Introducing New Metrics for the Atmospheric Pressure Adjustment to Thermal Structures at the Ocean Surface

Thermal structures at the sea surface are known to affect the overlying atmospheric dynamics over various spatio-temporal scales, from hourly and sub-kilometric to annual and O(1,000 km). The relevant mechanisms at play are generally identified by means of correlation coefficients (in space or time) or by linear regression analysis using appropriate couples of variables. For fine spatial scales, where sea surface temperature (SST) gradients get stronger, the advection might disrupt these correlations and, thus, mask the action of such mechanisms, just because of the chosen metrics. For example, at the oceanic sub-mesoscale, around 1–10 km and hourly time scales, the standard metrics used to identify the pressure adjustment mechanism (that involves the Laplacian of sea surface temperature, SST, and the wind divergence) may suffer from this issue, even for weak wind conditions.

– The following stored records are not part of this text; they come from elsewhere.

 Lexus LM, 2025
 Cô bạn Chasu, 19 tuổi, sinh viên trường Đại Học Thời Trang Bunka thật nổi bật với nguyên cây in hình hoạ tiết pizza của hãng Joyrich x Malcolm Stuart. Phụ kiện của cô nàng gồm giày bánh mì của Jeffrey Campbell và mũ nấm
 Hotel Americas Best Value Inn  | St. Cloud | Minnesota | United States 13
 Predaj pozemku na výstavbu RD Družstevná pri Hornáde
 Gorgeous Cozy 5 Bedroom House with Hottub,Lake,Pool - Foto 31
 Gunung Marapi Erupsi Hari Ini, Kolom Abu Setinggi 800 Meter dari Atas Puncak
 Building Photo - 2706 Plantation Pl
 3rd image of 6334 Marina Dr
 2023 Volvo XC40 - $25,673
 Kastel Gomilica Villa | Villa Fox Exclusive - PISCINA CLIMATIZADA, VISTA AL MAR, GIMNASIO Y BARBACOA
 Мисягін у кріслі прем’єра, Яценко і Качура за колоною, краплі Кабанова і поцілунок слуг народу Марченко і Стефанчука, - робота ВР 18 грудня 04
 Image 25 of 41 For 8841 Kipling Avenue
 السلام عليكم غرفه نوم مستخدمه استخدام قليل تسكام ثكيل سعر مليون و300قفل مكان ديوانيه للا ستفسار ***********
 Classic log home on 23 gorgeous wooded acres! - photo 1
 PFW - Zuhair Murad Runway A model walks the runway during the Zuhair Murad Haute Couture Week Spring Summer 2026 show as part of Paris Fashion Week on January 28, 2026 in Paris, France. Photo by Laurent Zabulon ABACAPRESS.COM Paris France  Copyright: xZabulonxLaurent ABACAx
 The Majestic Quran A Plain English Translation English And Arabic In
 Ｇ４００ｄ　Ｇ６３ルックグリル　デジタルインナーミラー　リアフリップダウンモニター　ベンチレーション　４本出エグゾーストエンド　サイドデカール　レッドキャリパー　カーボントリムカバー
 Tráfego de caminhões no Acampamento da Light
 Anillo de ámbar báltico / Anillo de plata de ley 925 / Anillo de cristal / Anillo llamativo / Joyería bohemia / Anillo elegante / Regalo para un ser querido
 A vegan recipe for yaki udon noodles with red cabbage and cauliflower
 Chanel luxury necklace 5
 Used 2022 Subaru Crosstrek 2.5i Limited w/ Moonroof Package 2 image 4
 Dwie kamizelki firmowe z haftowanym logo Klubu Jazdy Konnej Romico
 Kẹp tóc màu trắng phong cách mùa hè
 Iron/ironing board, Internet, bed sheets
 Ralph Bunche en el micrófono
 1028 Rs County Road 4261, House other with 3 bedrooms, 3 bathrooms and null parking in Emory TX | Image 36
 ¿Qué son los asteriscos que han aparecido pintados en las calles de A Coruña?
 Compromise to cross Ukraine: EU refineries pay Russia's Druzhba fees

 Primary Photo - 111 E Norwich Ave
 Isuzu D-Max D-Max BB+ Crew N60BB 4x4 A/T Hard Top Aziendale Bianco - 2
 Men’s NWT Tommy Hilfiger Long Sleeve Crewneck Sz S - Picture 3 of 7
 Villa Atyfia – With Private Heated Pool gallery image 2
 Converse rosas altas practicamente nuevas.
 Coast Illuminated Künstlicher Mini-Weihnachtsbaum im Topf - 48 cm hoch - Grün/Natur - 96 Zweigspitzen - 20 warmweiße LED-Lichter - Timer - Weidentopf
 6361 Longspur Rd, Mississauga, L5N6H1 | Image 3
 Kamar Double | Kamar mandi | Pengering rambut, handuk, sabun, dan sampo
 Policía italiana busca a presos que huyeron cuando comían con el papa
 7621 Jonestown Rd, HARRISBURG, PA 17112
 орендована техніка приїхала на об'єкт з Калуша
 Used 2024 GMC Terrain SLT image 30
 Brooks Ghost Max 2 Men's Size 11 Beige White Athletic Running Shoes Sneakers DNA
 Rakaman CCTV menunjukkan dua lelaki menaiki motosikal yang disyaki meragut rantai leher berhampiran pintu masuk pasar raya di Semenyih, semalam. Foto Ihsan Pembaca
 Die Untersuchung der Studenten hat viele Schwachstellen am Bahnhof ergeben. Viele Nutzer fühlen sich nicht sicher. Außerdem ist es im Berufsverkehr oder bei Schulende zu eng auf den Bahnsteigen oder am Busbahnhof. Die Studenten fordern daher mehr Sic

By exploiting high-resolution realistic numerical simulations with ad hoc SST forcing fields, we introduce some new metrics to evaluate the action of the pressure adjustment atmospheric response to the surface oceanic thermal structures. It is found that the most skillful metrics is based on the wind divergence and the SST second spatial derivative evaluated in the across direction of a locally defined background wind field.